■ WHAT IS BEING ASKED
From the records below, output exactly the lines starting at the line with "Volkswagen Fusca 1300/1300L" and ending at the line with "Lufthansa-Streik - Frankfurt/Main", both of them included, but no pictures.

■ INPUT MATERIAL
◇ ◇ ◇ ◇ ◇ ◇ ◇
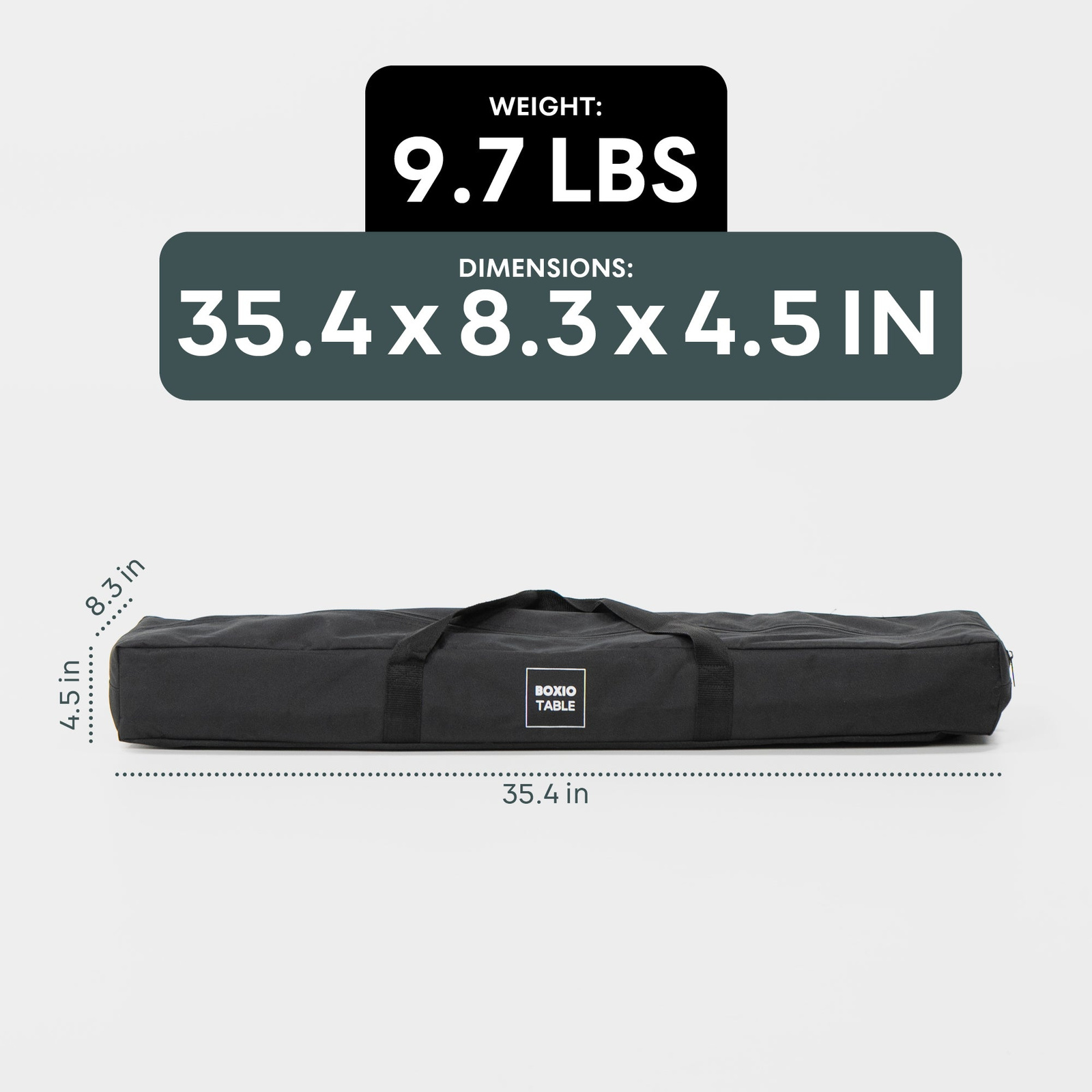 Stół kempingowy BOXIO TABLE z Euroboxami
◇ ◇ ◇ ◇ ◇ ◇ ◇
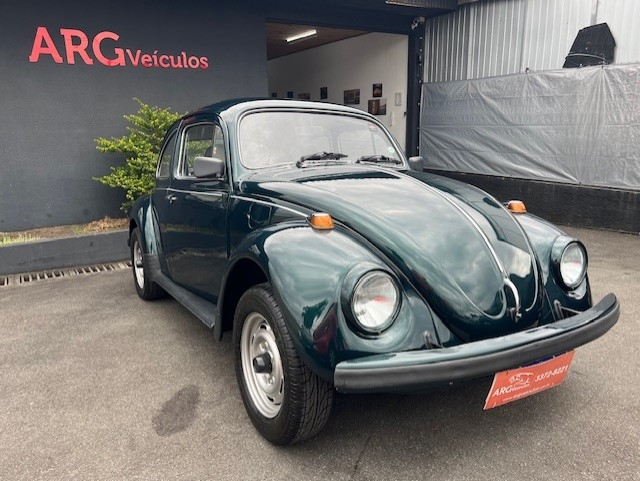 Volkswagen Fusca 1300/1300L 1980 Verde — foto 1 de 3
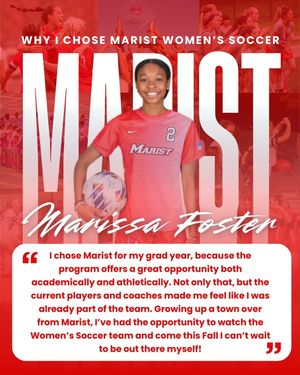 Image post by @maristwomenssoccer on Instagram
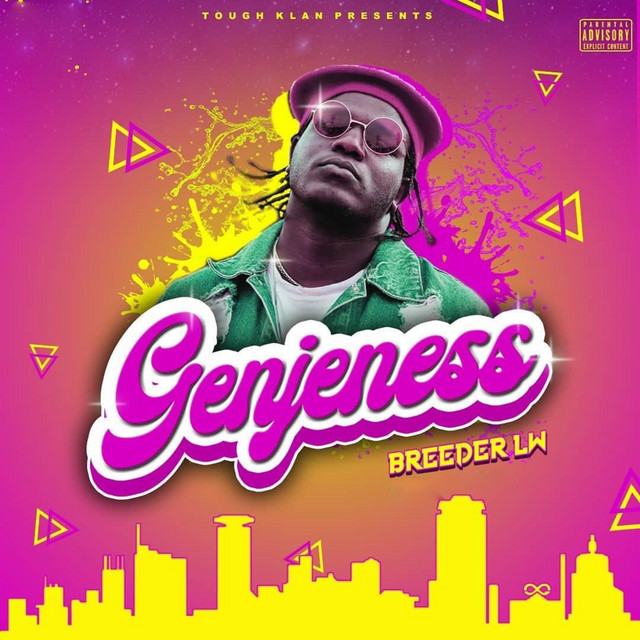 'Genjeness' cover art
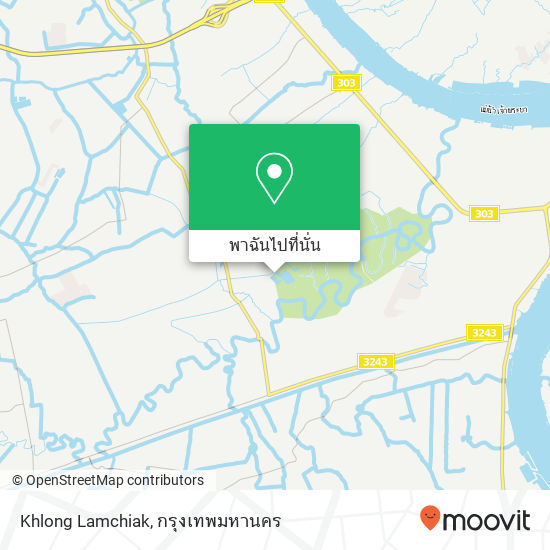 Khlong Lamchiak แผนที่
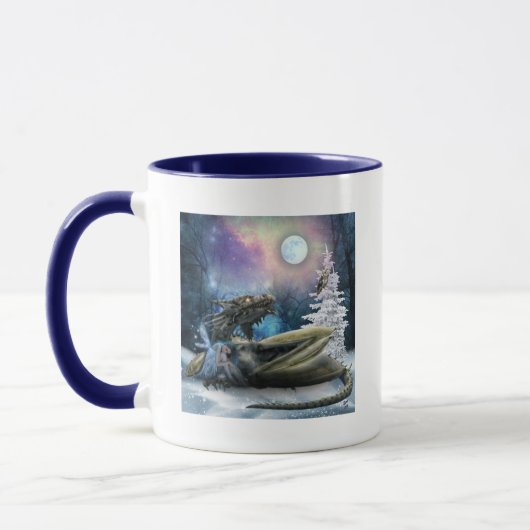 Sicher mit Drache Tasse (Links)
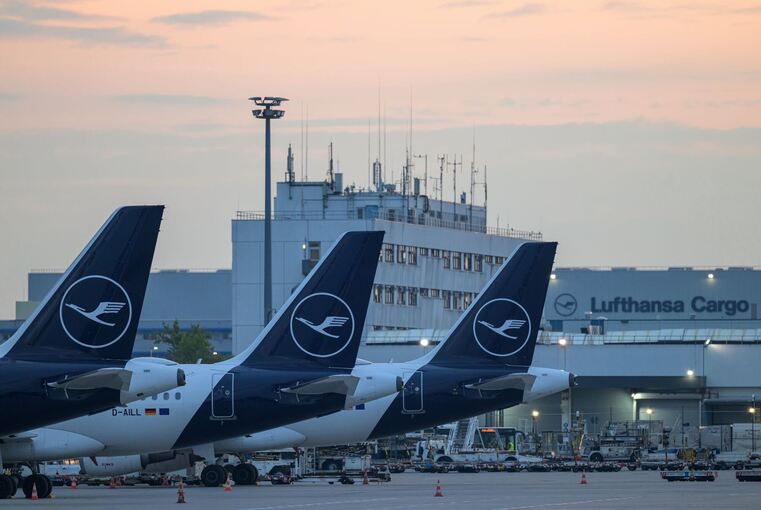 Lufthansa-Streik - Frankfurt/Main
◇ ◇ ◇ ◇ ◇ ◇ ◇
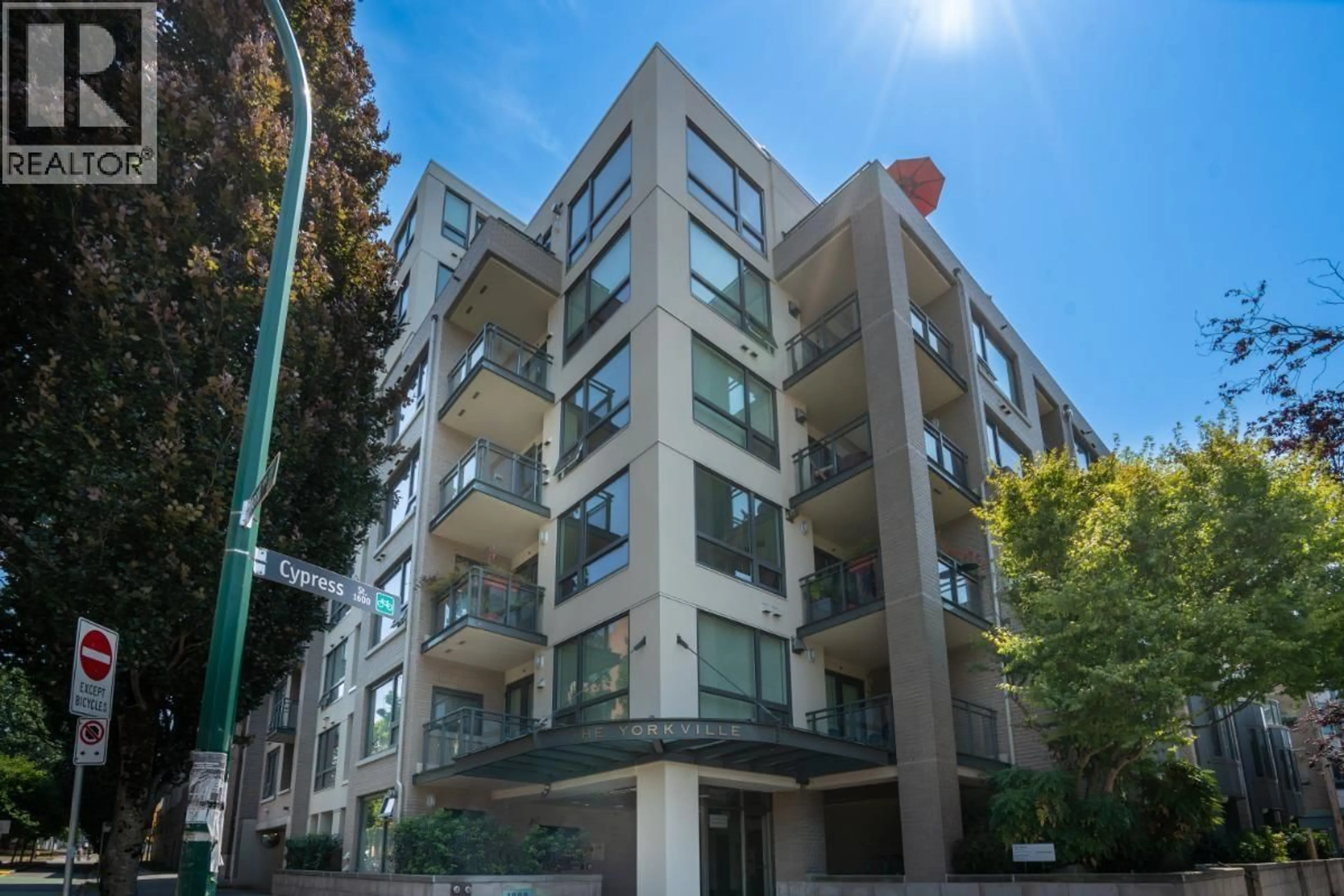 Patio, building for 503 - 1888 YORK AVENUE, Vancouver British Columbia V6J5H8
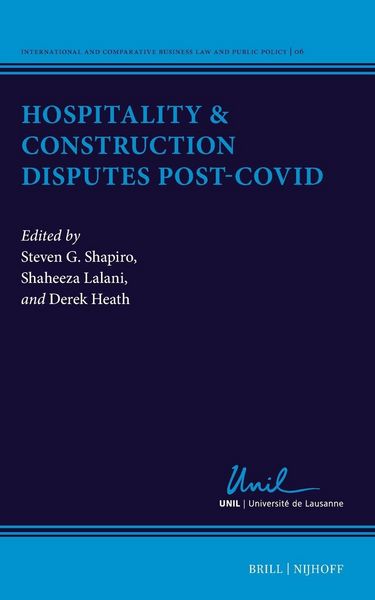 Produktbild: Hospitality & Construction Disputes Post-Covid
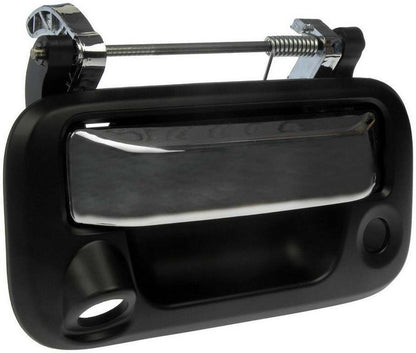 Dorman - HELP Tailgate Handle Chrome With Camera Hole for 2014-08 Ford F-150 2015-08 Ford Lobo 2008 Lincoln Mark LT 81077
◇ ◇ ◇ ◇ ◇ ◇ ◇
■ RESULT
 Volkswagen Fusca 1300/1300L 1980 Verde — foto 1 de 3
 Image post by @maristwomenssoccer on Instagram
 'Genjeness' cover art
 Khlong Lamchiak แผนที่
 Sicher mit Drache Tasse (Links)
 Lufthansa-Streik - Frankfurt/Main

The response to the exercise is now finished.